A little background
At our work (currently), we needed to be able to call to AWS on the CLI. We try to use AzureAD as our main IDP (rather than our legacy ADFS deployment).
This works great for accessing the AWS console using the Enterprise App already available on the store, but it doesn't work at all for getting API creds for use with tools like the AWS CLI.
Our AWS account team pointed us to a neat tool, the AWS CLI Credentials Provider. Which is a sample for how one could integrate other providers and SAML.
The main reason why you'd want to use something like AzureAD is to ensure things like MFA is applied consistently and conditional access policies still apply, without us needing to add that to AWS.
The secret sauce that makes this work is in the V1 on-behalf-of
flow
available in AzureAD. It's documented
well, but it's a long read. The most interesting section is the
Service-to-service access token request because that's what allows us
to hand in an OAuth token for one service, and request a SAML token for
another.
Update
Since deploying this internally, we ended out deploying AWS Directory Services, so AWS SSO now makes sense. I've not decided yet if that should kill this solution.

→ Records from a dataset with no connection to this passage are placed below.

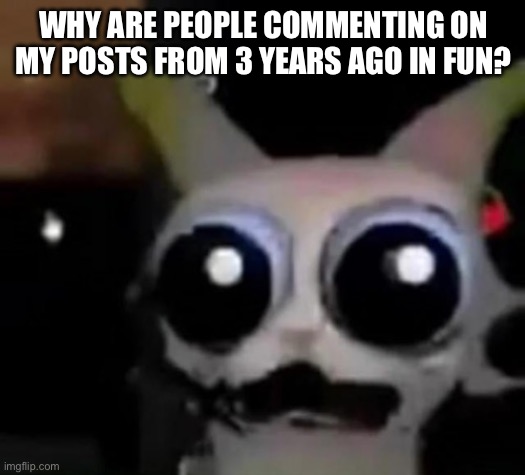 Who are you people? | WHY ARE PEOPLE COMMENTING ON MY POSTS FROM 3 YEARS AGO IN FUN? | image tagged in scared car | made w/ Imgflip meme maker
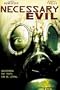 Necessary Evil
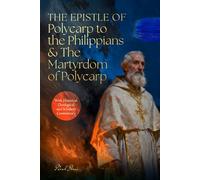 The Epistle Of Polycarp To The Philippians & The Martyrdom Of Polycarp: With Historical, Theological & Scholarly Commentary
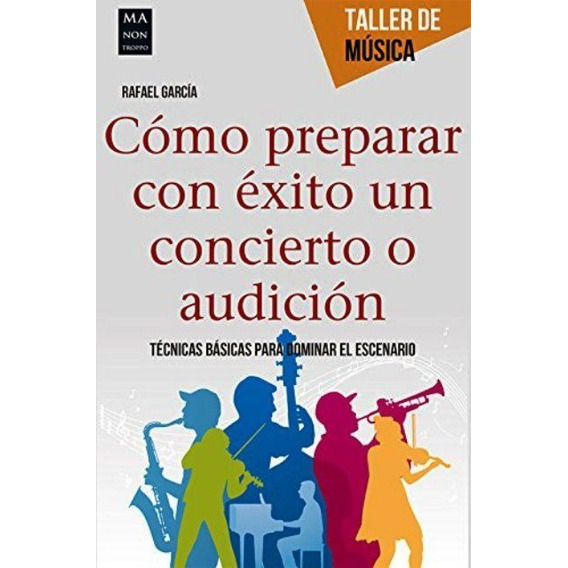 Como Prepararcon Exito Un Concierto O Audicion - R. Garcia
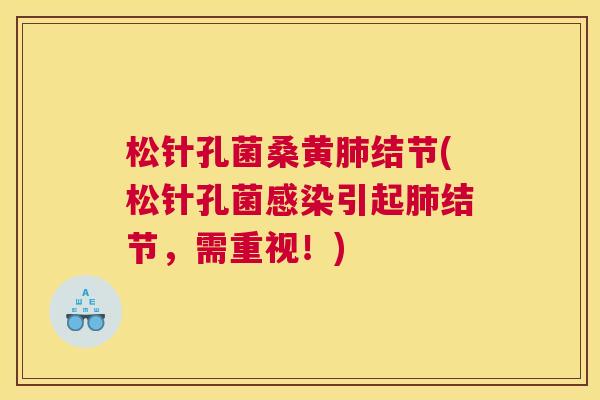 松针孔菌桑黄结节(松针孔菌引起结节，需重视！)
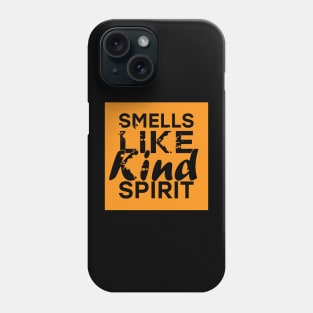 Smells Like Kind Spirit Phone Case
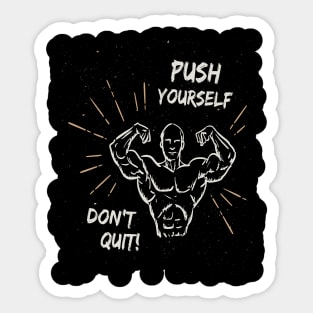 push yourself don't quit Sticker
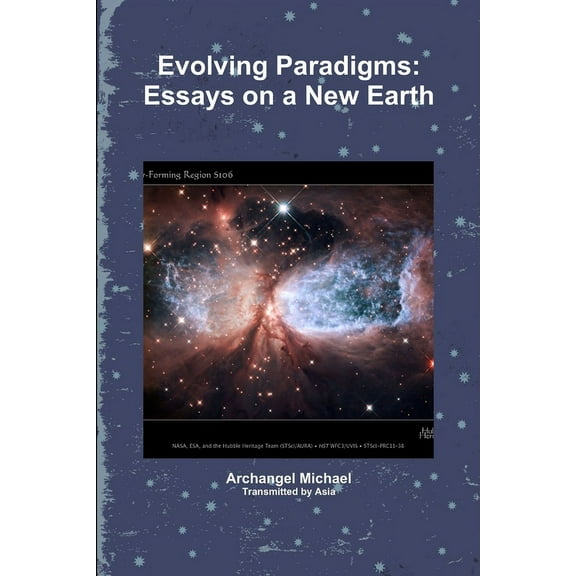 Evolving Paradigms: Essays on a New Earth, (Paperback)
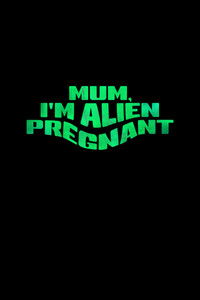 Imagem do Filme Mum, I'm Alien Pregnant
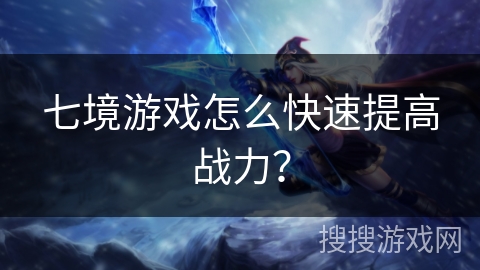 七境游戏怎么快速提高战力? 七境游戏怎么快速提高战力?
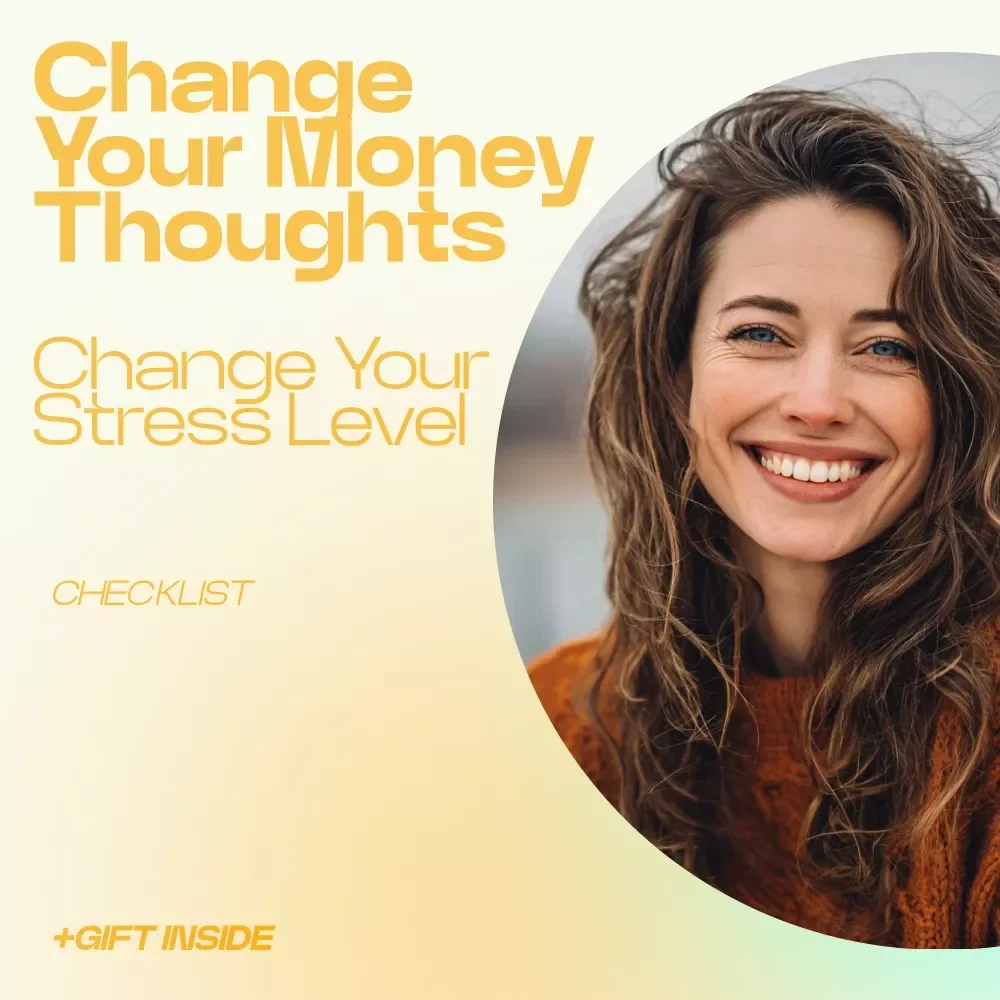 Change Your Money Thoughts Change Your Stress Level Checklist – How Thinking Affects Money Stress Mindset Reset Guide for Financial Clarity & Confidence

Also, knowing you can "switch" between token types in AAD is neat.
The architecture required
We're going to need a few components here to make this work:
- An Azure AD Tenant
- The
Amazon Web Services (AWS)
Enterprise Application deployed to that tenant - An Application Registration for the CLI component - to identify our user
- An Application Registration for the Middleware component - to transform the OAuth token into a SAML token, using the on-behalf-of flow
- Code that implements our credentials provider app
A "rough" sequence diagram of the events that we need to happen is below:
Setting up the App Registrations
There's a lot to do there, and the instructions are better documented here: AzureAD Setup Instructions
The gist of it though, is you need to set your two new applications up as
Public client applications. The CLI app will need to be able to claim
ID Tokens
and the Middleware app will need both ID Tokens
and
Access Tokens
. Turning on public clients allows you to use the device code
flow amongst other things.
The CLI Application doesn't need any special settings, really. Users are only going to use it for the first authentication hop, to get a token.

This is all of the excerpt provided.